Matt Sharpe recaps his experience at WTS Cozumel
The older couple I was sitting beside were very excited to be speaking with one of the “pros.” We were midway through our flight from Cozumel to Cancun. The gentleman was asking about the race and training as an elite athlete, but I tried to shift the conversation towards him. His name was Alan and he competed in the age-group sprint event, which was for the first time ever draft-legal.
In the 70 to 74 age group. He was 70!
I would have pegged the guy for early 50s, so when he mentioned that to me I was certainly impressed. It was his first experience at an age-group world championships, and by the way he spoke about it, it was pretty clear he was hooked.
“I was just hanging on to the back of my bike group. Some of the guys were really fast!”
Yes.
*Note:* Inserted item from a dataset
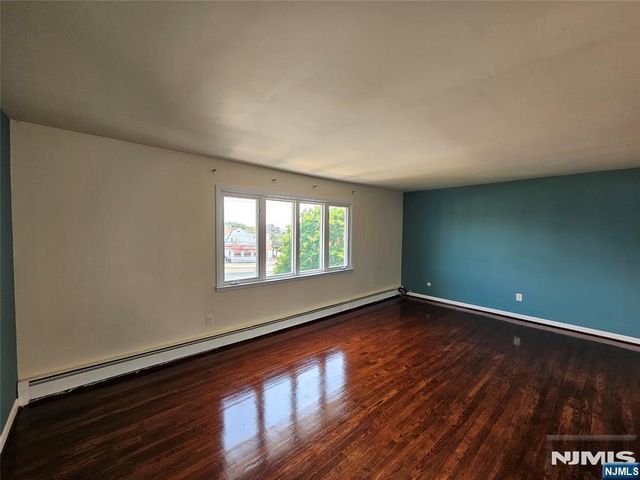 95 Stefanic Avenue, Elmwood Park, NJ 07407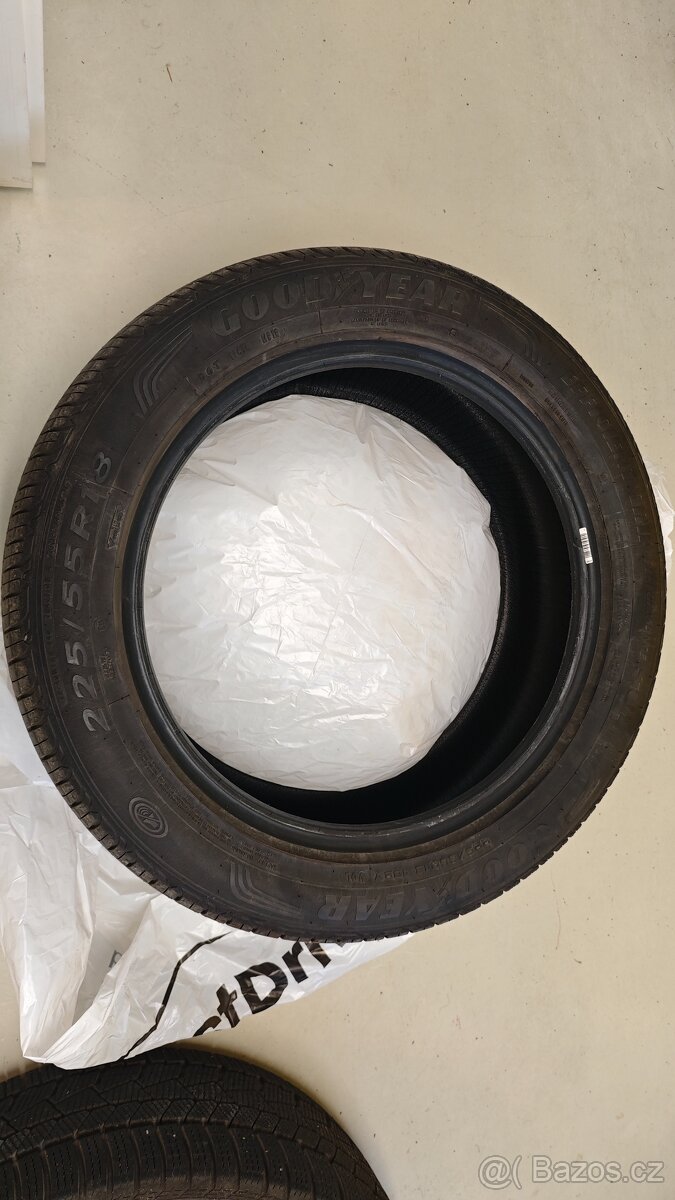 sada 4ks 225/55 R18 Good Year - 4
I knew that feeling all too well.
The day before meeting Alan I’d raced in my first ITU Elite World Championships. Well, technically its not World Championships as its now spread out over seven months and many races. But screw that, it was worlds, and I was there.
At one stage of the bike I was becoming worried that I would get dropped off the back of the group and be stuck in no man’s land. There were a few other guys who’d been popped already and with the technical nature of the course, the back of the bunch was the absolute worst place to be. After a hard effort in the swim I wasn’t sure how long I’d be able to hold on.
I was like a sailor thrown overboard, beginning to lose hope when out of the chaos a lifebuoy appeared. The pace began to lull as our second group realized the front pack was pulling away. I began to feel better and move myself towards the front of the bunch. Getting to the front wasn’t too hard, but the difficulty lies in maintaining position amongst forty other individuals who all share the same goal.
I think I burned myself a bit sitting at the back of the group and then trying to stay at the front I hurt myself even more. In all honesty I wasn’t feeling amazing going into the run but I had to toughen up a bit. There was still the 10km run in Mexican jungle heat.
It was a painful run and ended up being more of a heat management exercise then a race. My lowest point was lap two where some cramping had me slow right down; walking may have been quicker. But I came around a bit in the second half and found my stride. I was able to focus on the other athletes ahead of me who had passed by earlier. Psychologically speaking it’s always easier to chase.